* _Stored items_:
______________________________
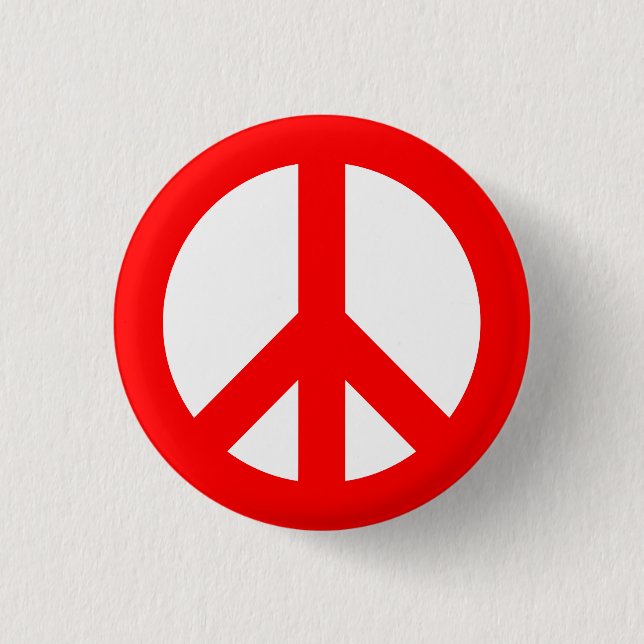 Rot-Weiß-Symbol für Frieden Button (Vorderseite)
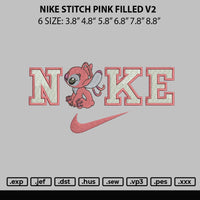 Nike Stitch Pink Filled V2 Embroidery File 6 sizes
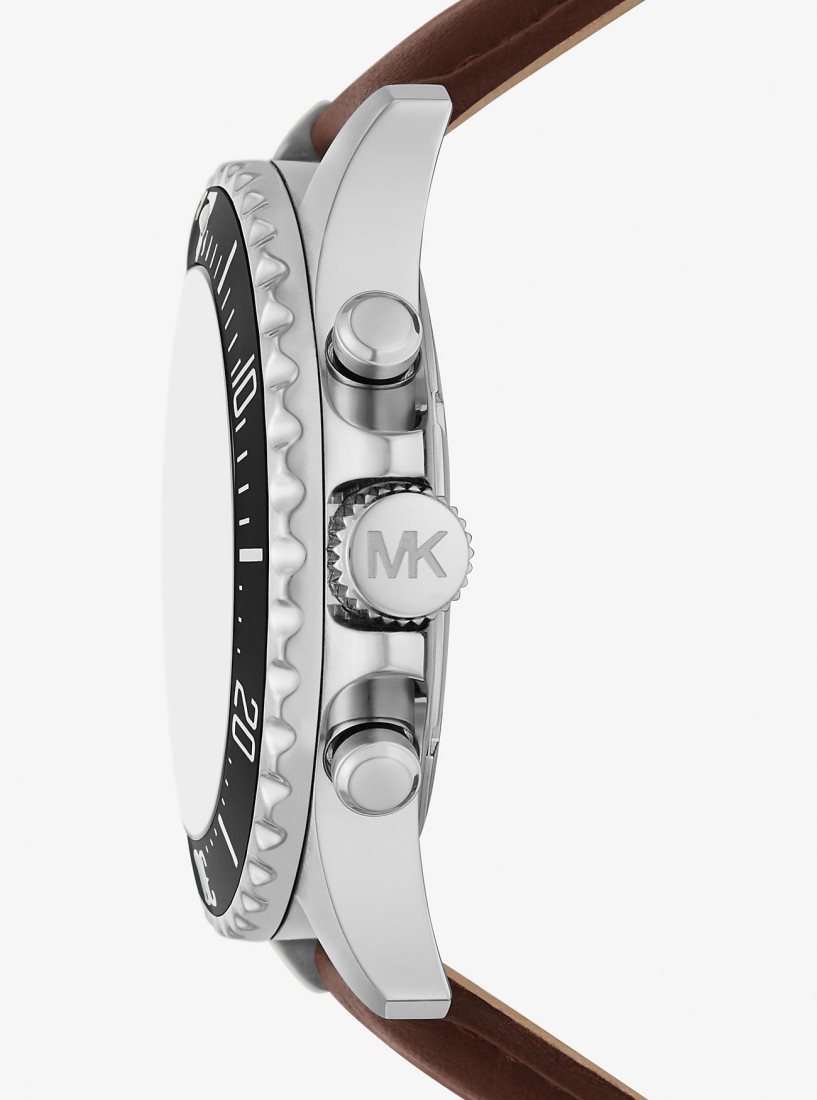 Silver-tone Michael Kors Oversized Everest Silver-Tone and Leather Watch Mujer Plateadas | 9607-RIUFM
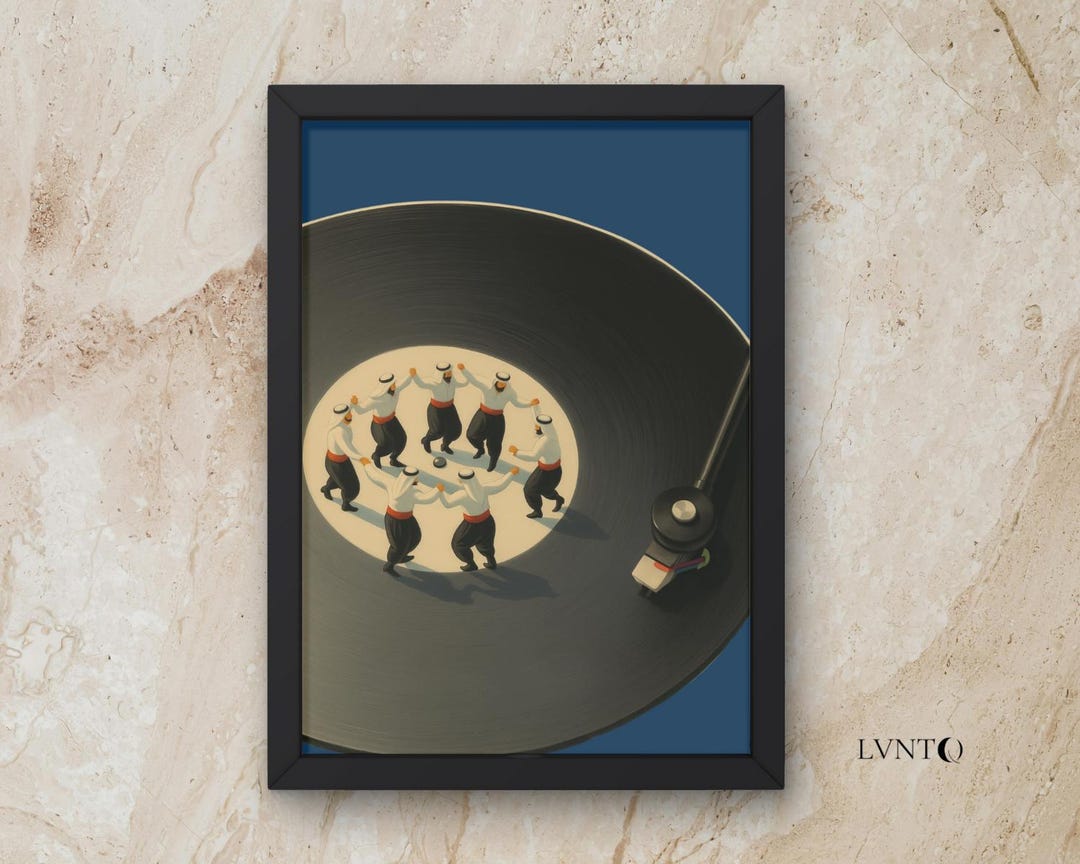 Retro Dabke Vinyl Record Art Print | Arabic Music Wall Art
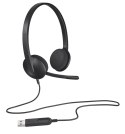 Logitech H340 USB Computer Headset Zestaw słuchawkowy Przewodowa Opaska na głowę Biuro/centrum telefoniczne USB Typu-A Czarny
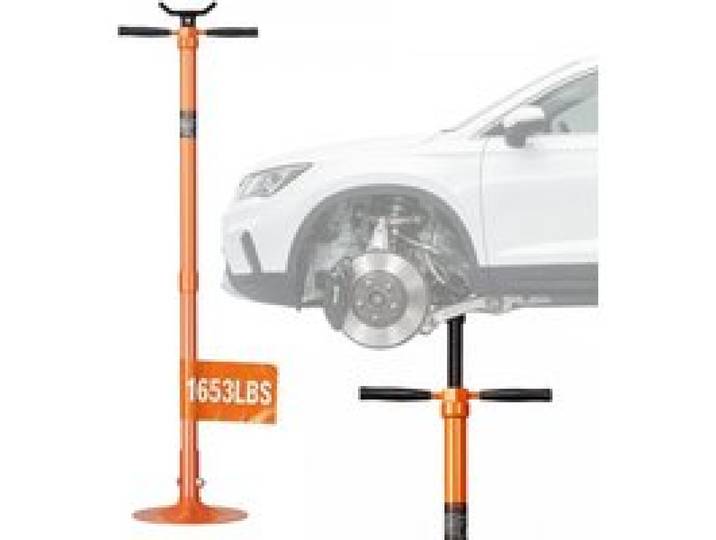 VEVOR Unterlift-Stützständer (rund Basis) 750 kg Unterhubwagen-Stützständer (Hebehöhe 134- 193 cm) mit lagermontierter Drehgriff & selbstsichernde Gewindeschraube & zwei Rädern Orange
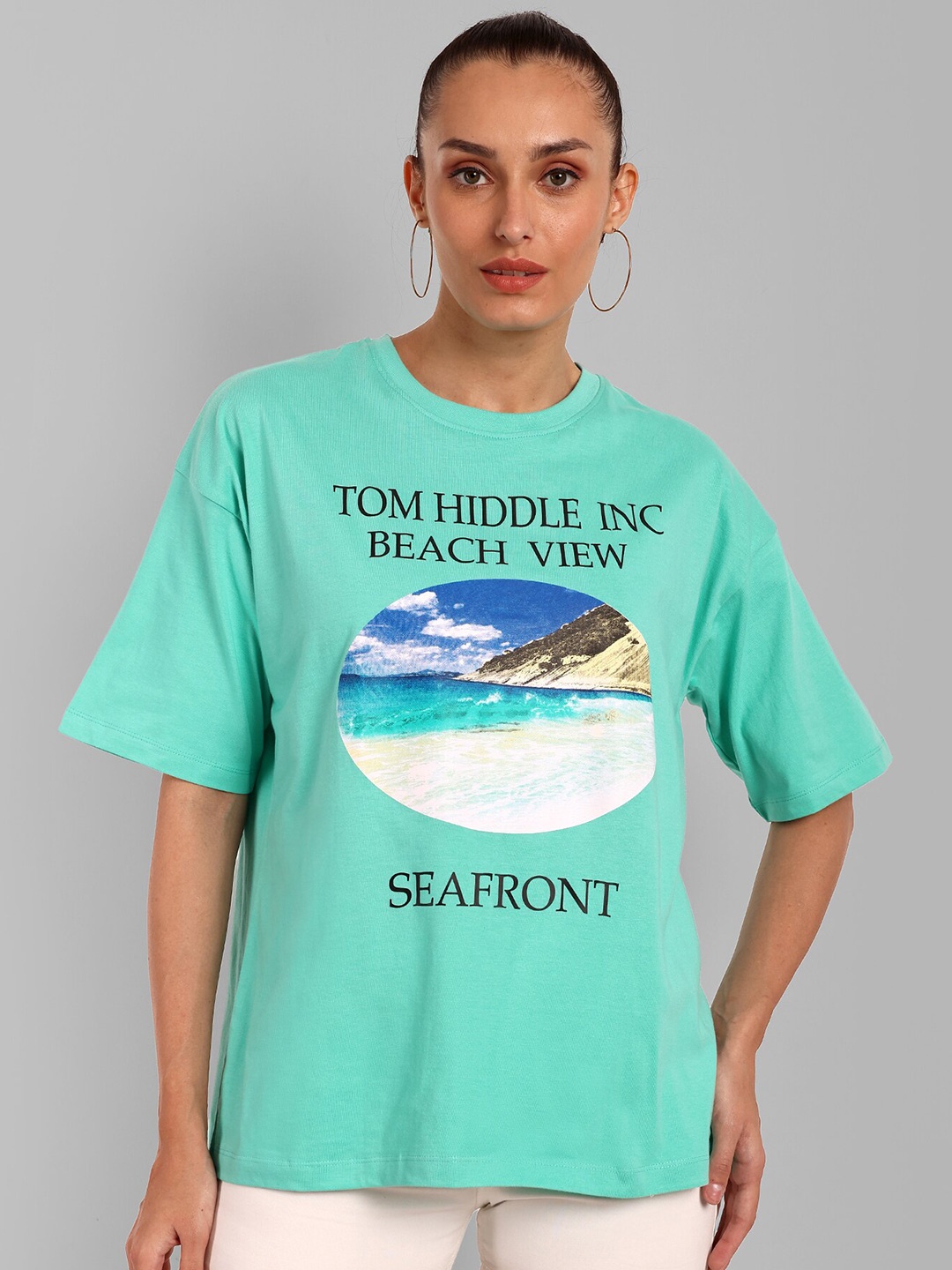 

HEYLAY Typography Printed Drop-Shoulder Sleeves Pure Cotton Oversized T-shirt, Green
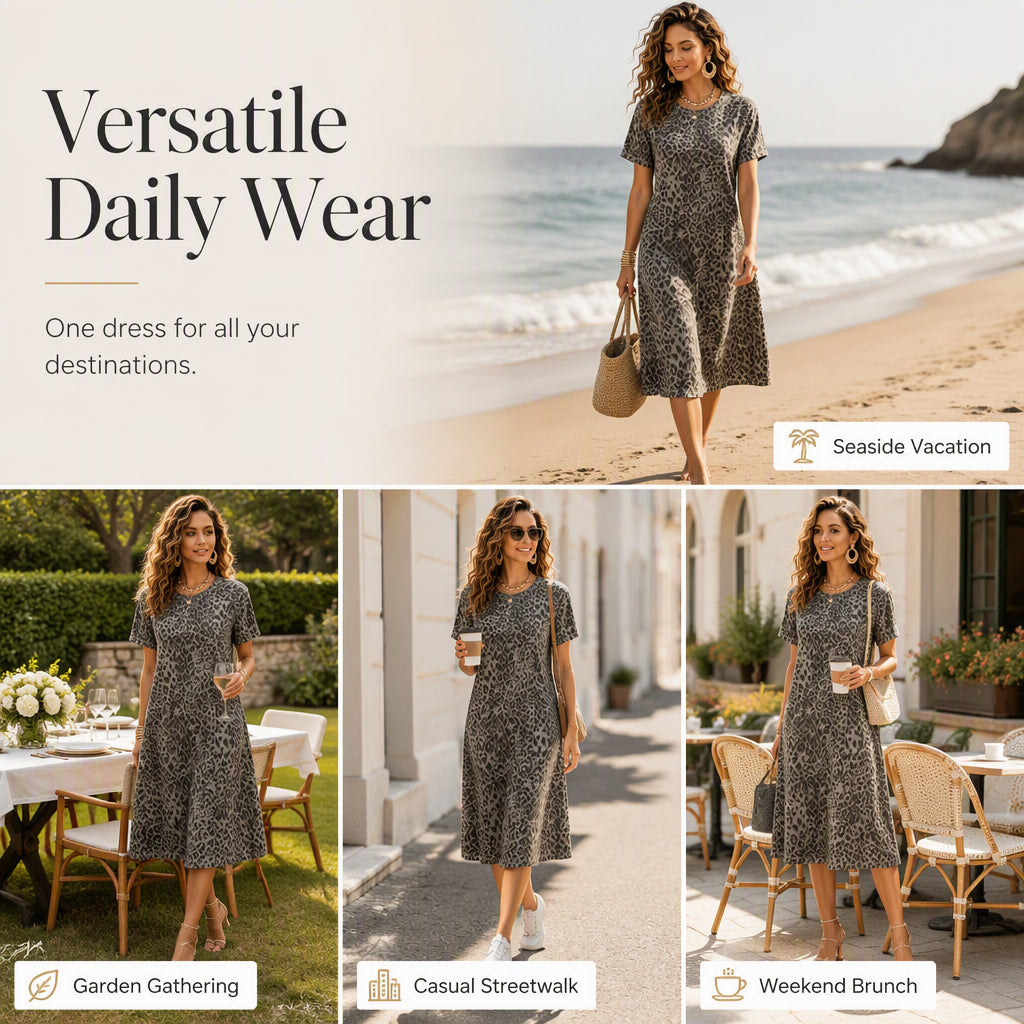 ⏰Last Day Sale 50% Off💃Women's Casual Leopard Print Dress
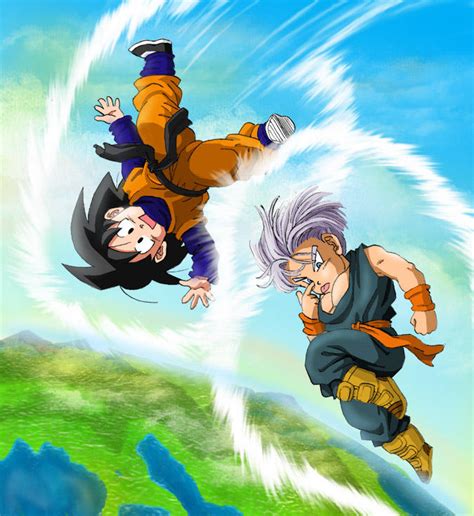 Goten And Trunks Flying By Risachantag On Deviantart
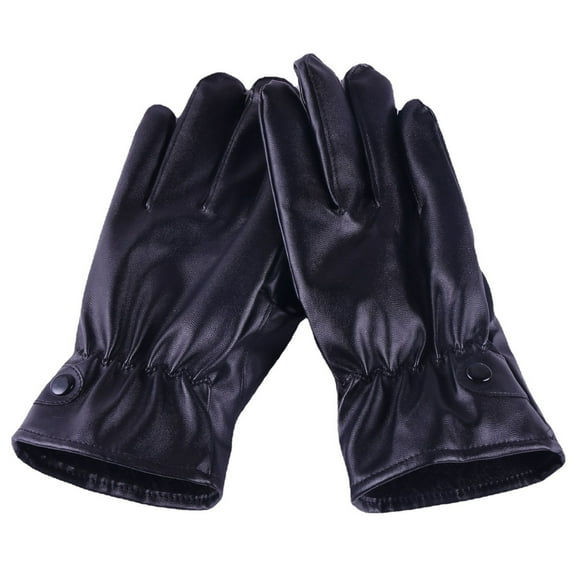 Mens Winter Black Leather Gloves For Driving Dress Real Sheepskin Leather Warm Fleece Lined Gloves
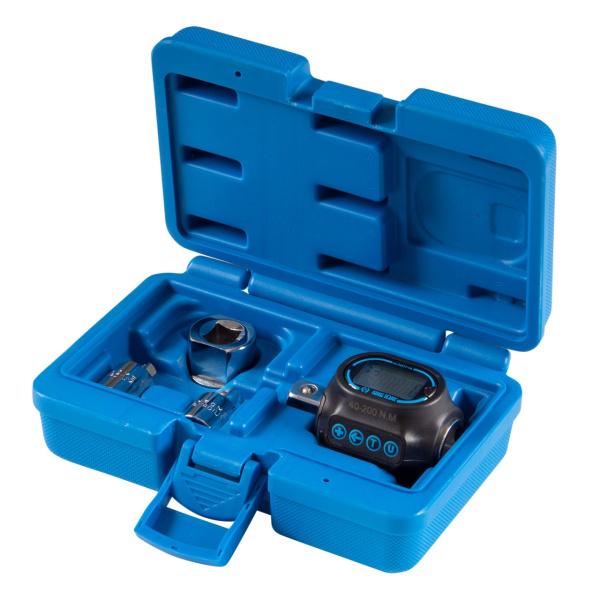 KING TONY Динамометрический адаптер серии "DIGITAL", 1/2", 40-200 Нм, 4 предмета, кейс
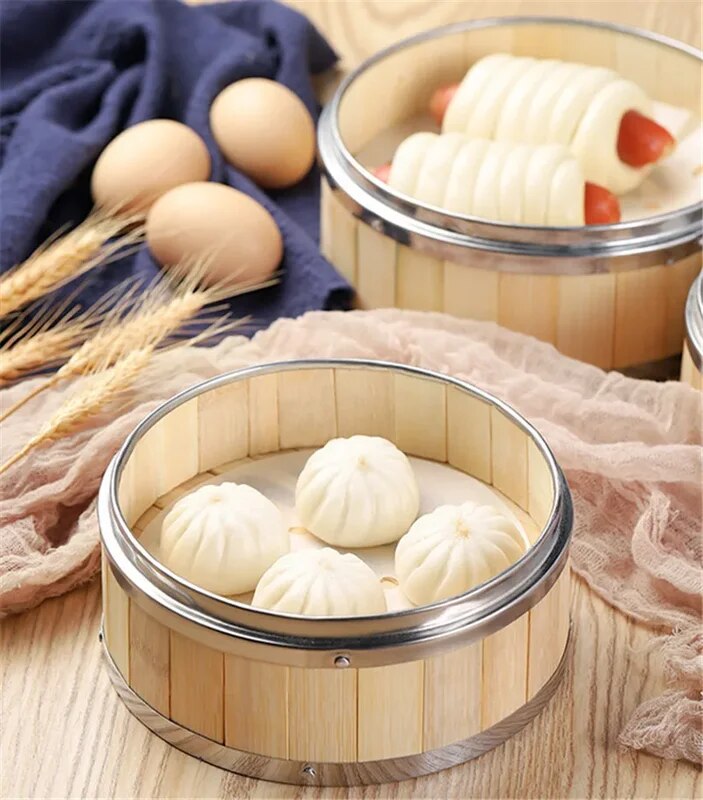 스텐찜기 음식 딤섬 밴딩이 없는 뚜껑이 있는 스테인리스 바구니 대나무 찜기 만두 스틸 : 처리투띵즈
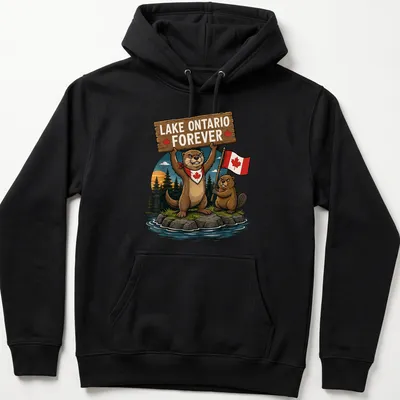 Cartoon otter and beaver with Canadian flag on Lake Ontario — printed on a unisex hoodie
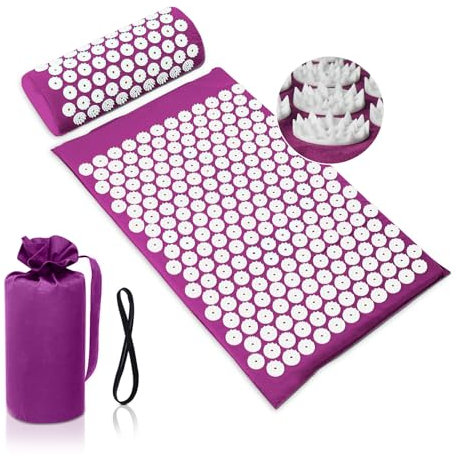 BULZEU Akupressurmatte mit Kissen, Akupressur Set gegen Nacken und Rückenschmerzen, Akupunkturmatte Acupressure Mat Massagematte zur Wohltuenden Entspannung und Massage (Lila)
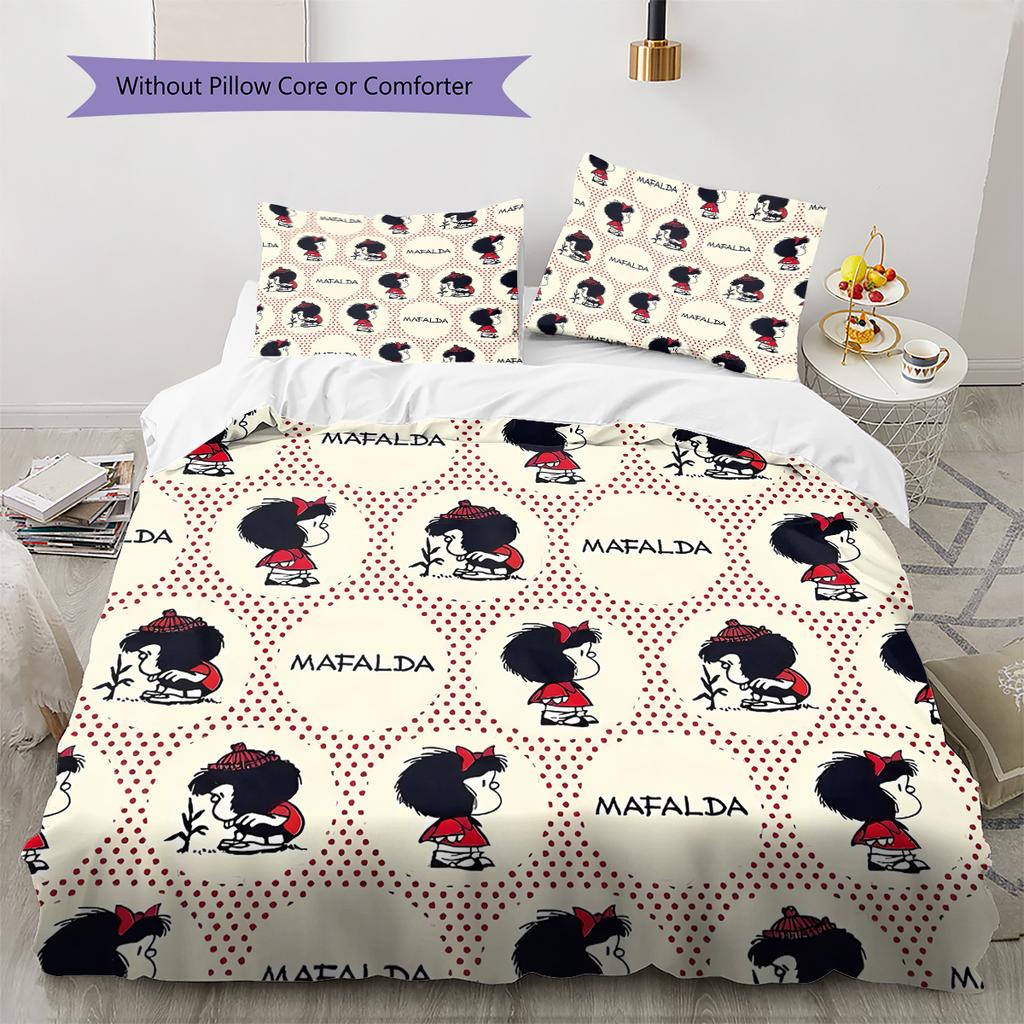 Pościel z wzorem Mafaldy, Zestaw kołdry Poszewka na kołdrę Poszewka na poduszkę Domowy prezent urodzinowy (1 * poszwa na kołdrę + 2 * poszewki na poduszki, bez rdzenia)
______________________________
* _YOUR TASK_: Leaving pictures aside, give again word for word each line from the one with "Cartoon otter and" to the final line of the entries.

* _WRITTEN RESPONSE_:
 Cartoon otter and beaver with Canadian flag on Lake Ontario — printed on a unisex hoodie
 BULZEU Akupressurmatte mit Kissen, Akupressur Set gegen Nacken und Rückenschmerzen, Akupunkturmatte Acupressure Mat Massagematte zur Wohltuenden Entspannung und Massage (Lila)
 Pościel z wzorem Mafaldy, Zestaw kołdry Poszewka na kołdrę Poszewka na poduszkę Domowy prezent urodzinowy (1 * poszwa na kołdrę + 2 * poszewki na poduszki, bez rdzenia)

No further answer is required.